Years earlier I had uncovered a copy of his autobiography, which contributes more information to the first of two periods when he took up residence in New York. Why this is of interest now (you might wonder) is in part owing to a renewed appreciation for Depero’s work, particularly with the reprint two years ago of his famous “Bolted Book,” an icon of Modernist book design, an exhibition in 2017 at the Center for Italian Modern Art (CIMA) in New York, and the visionary contemporaneity of his applied and fine art from the 1920s and 30s within today’s design milieu.
Sailing to New York with his wife Rosetta and copies of the Bolted Book, he was determined to make a bigger name for himself as artist and designer, while promoting Futurism. “Before going to the States,” he wrote in his autobiography “I was told that Americans do not understand much of art. Undoubtably [sic], they devote themselves more to business and practical problems than to art and spiritual problems. But I must truly say, for instance that critique in New York is signficative [sic] for its unprejudiced, objective, clarifying, and faithfully fulfilling its purpose.”

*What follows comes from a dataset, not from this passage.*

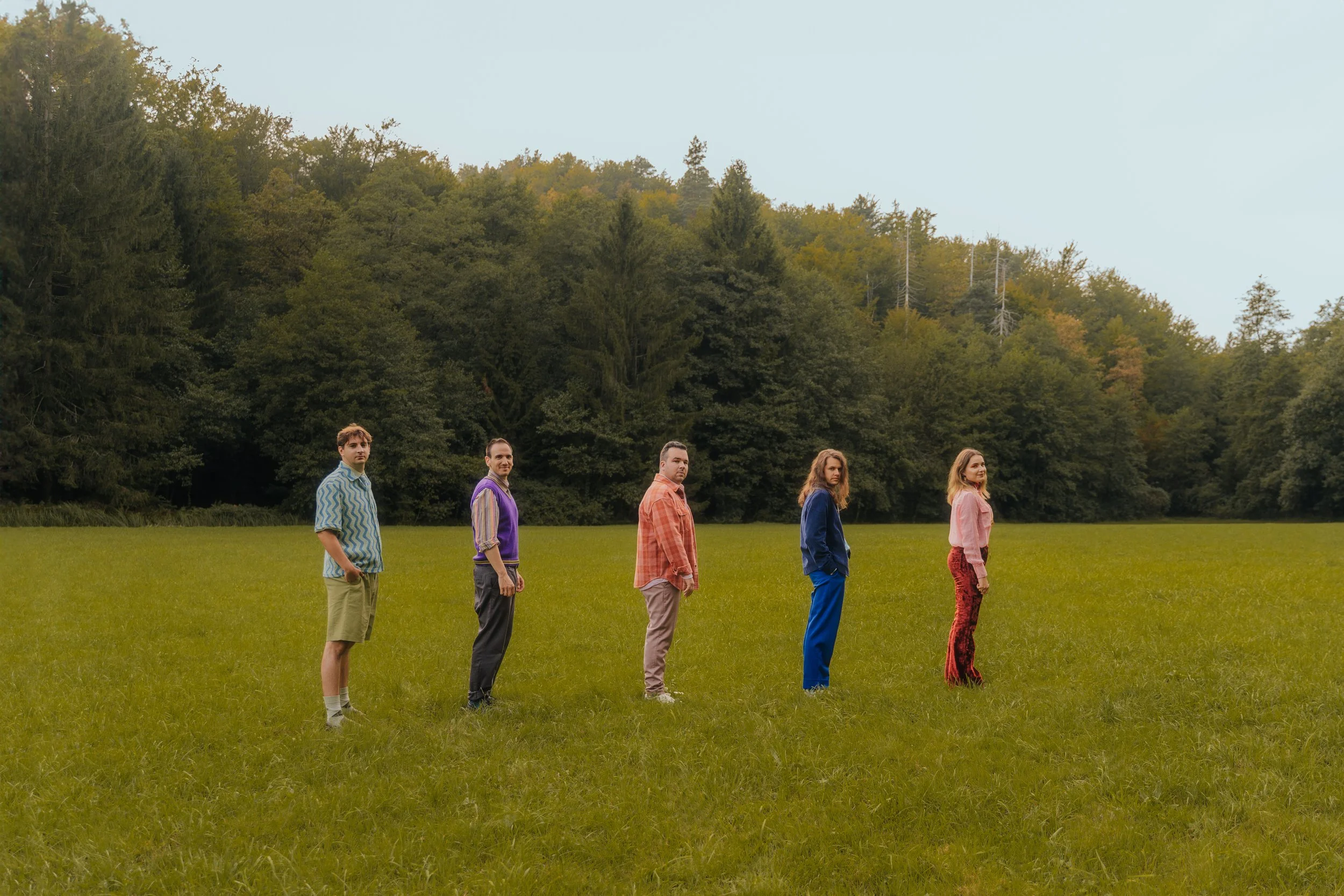Five people standing in a line on a grassy field with a forest in the background.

About his challenges with language fluency he added: “In New-York [sic], I had to fight against many difficulties, all because I could not speak English. I can, however, make myself understood in German and so I was able to speak with managers of theatres, secretaries of galleries, critics, people belonging to the artistic world, and Jews knowing German. I found, in them, sympathy and understanding for they are clever and interested in everything. I also found in them, real practical help and therefore I always remember them gratefully. . .” Continuing a list of minor obstacles, he further noted: “I was also obliged to struggle against the continental climate, terribly cold in winter and tropical in summer, a climate in which we Italians can hardly breathe, used as we are to mild temperate weather . . .”

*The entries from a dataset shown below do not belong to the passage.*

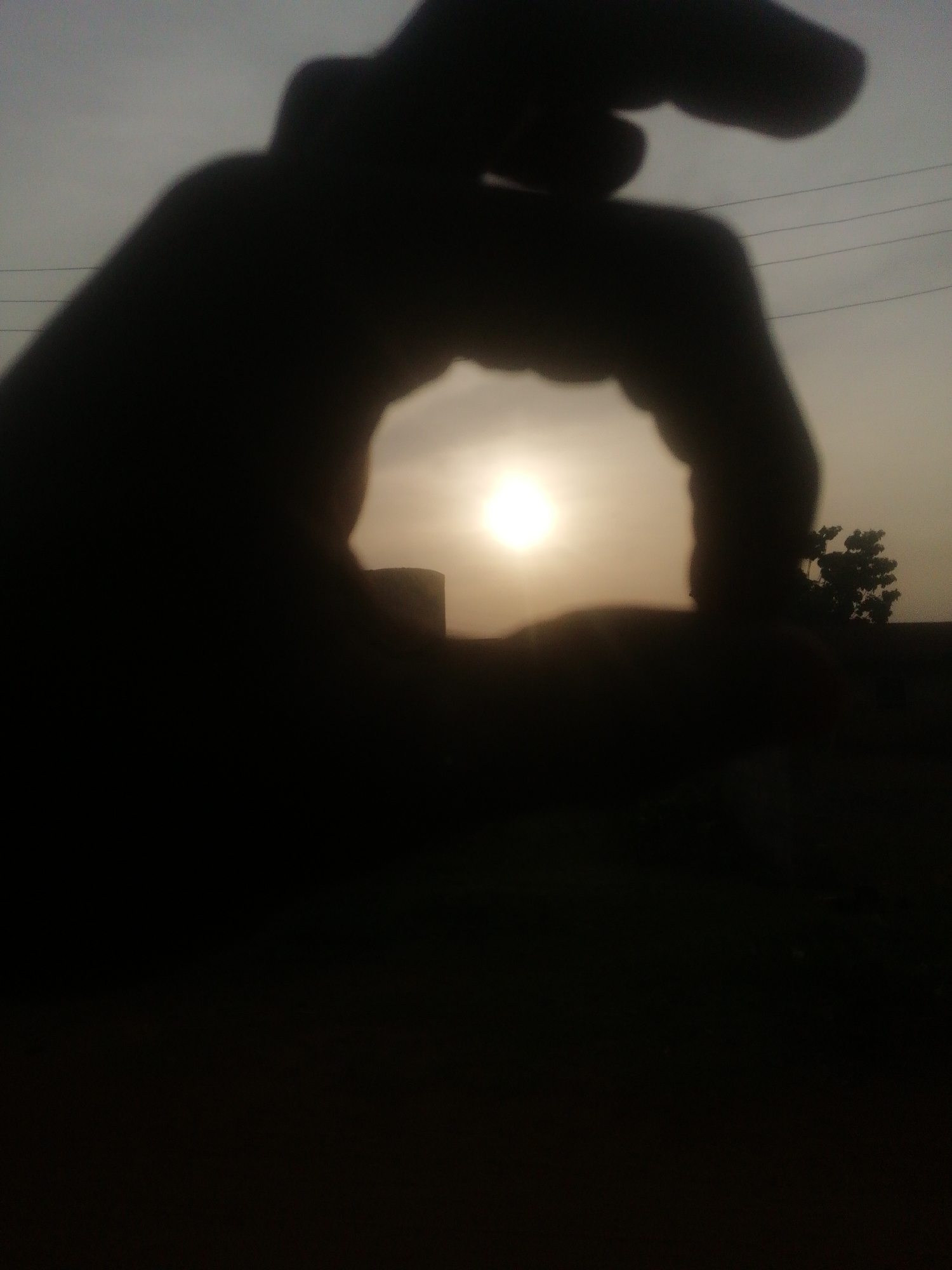 A dark silhouette of a hand with fingers curved into a circle frames a bright sun. The background includes electrical lines and a building or wall. A tree is visible on the right side of the frame.
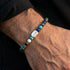 Man wearing Anchor & Crew coffee bean silver multi-stone bracelet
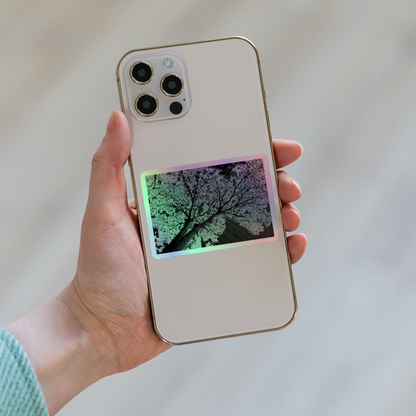Lifestyle photo of a rectangular holographic sticker with an image of a dark embossed tree lightning design, placed on the back of a phone.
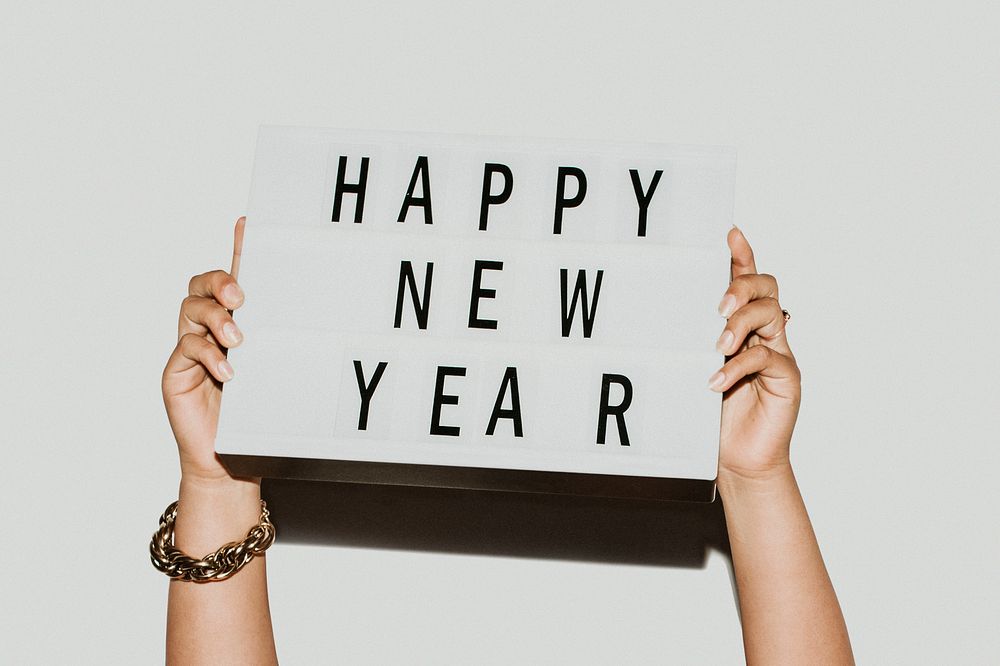 Hands holding a happy new year sign mockup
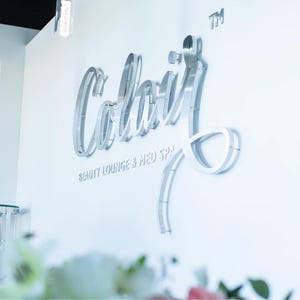 May include: A three-dimensional silver metallic sign mounted on a white wall featuring the cursive text Colair with the words BEAUTY LOUNGE & MED SPA in smaller block letters underneath and a small TM symbol in the upper right corner.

Depero came to New York on two occasions. The first, from 1927 to 1930, was the most productive. He opened his Casa Futurista Depero (Futurist House) in The Transient Hotel at 464 West 23rd Street (the building still stands) and Rosetta prepared Italian feasts to court the buyers, critics, and press. “During this time I set up seven personal shows,” wrote Depero. “The press took much notice both of my decorative art and of my painting. The famous critic Christian Brinton [(1870—1942), an internationally noted critic, collector, and curator, who participated in the promotion of modernism between 1910 and his death] introduced me to the public and the most important newspapers. He also wrote the introduction to one of my catalogues in which among other things, he says ‘Depero created organic plastic dynamism transcending beyond specific groups and possessing a rhythmical vibration and an esthetic manner of its own.’”
These pages in the collection of the Depero Archives underscore the artist’s tenacity and humor. He did find some commissions in New York and produced a respectable amount of work before heading back to Italy. But he never achieved the success he or Rosetta had hoped for.